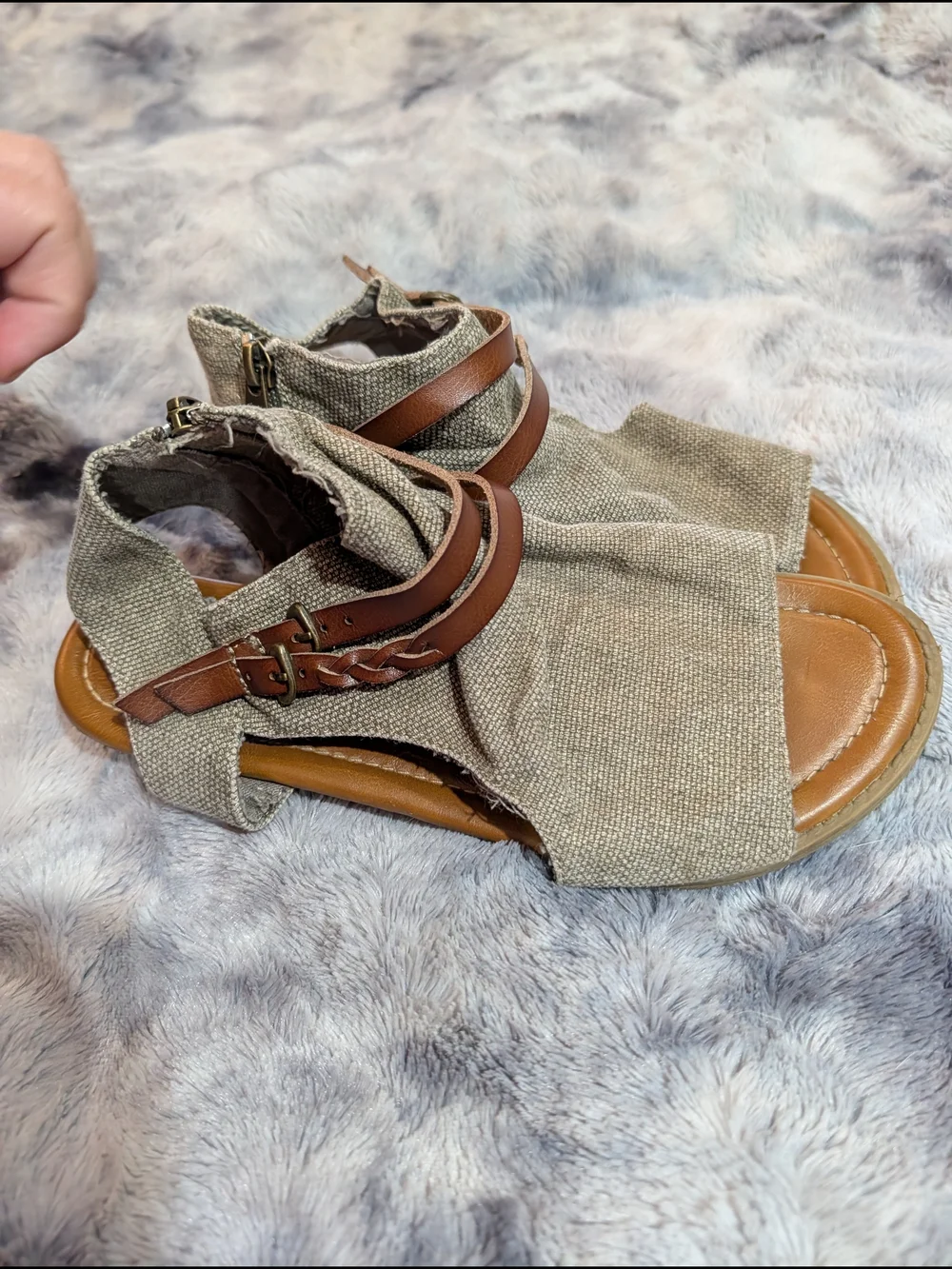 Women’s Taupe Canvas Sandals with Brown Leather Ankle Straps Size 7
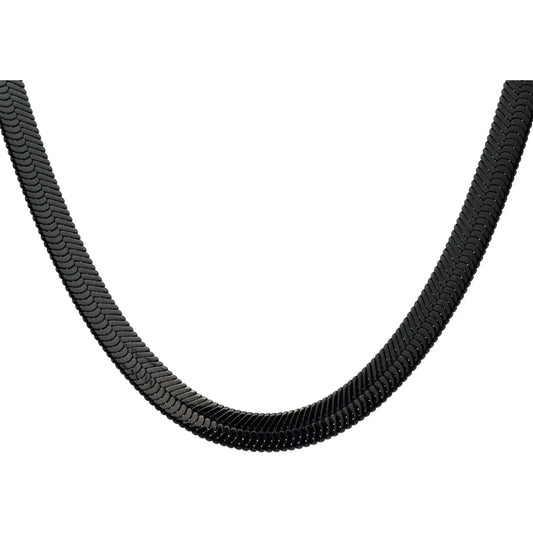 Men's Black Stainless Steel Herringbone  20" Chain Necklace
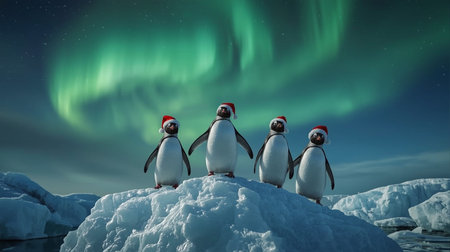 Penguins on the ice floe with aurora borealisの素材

■ ■ ■ ■

▶ [Requirement]: Word-for-word transcription: the whole listing, with images excluded.

▶ [Answer section]:
 Women’s Taupe Canvas Sandals with Brown Leather Ankle Straps Size 7
 Men's Black Stainless Steel Herringbone  20" Chain Necklace
 Penguins on the ice floe with aurora borealisの素材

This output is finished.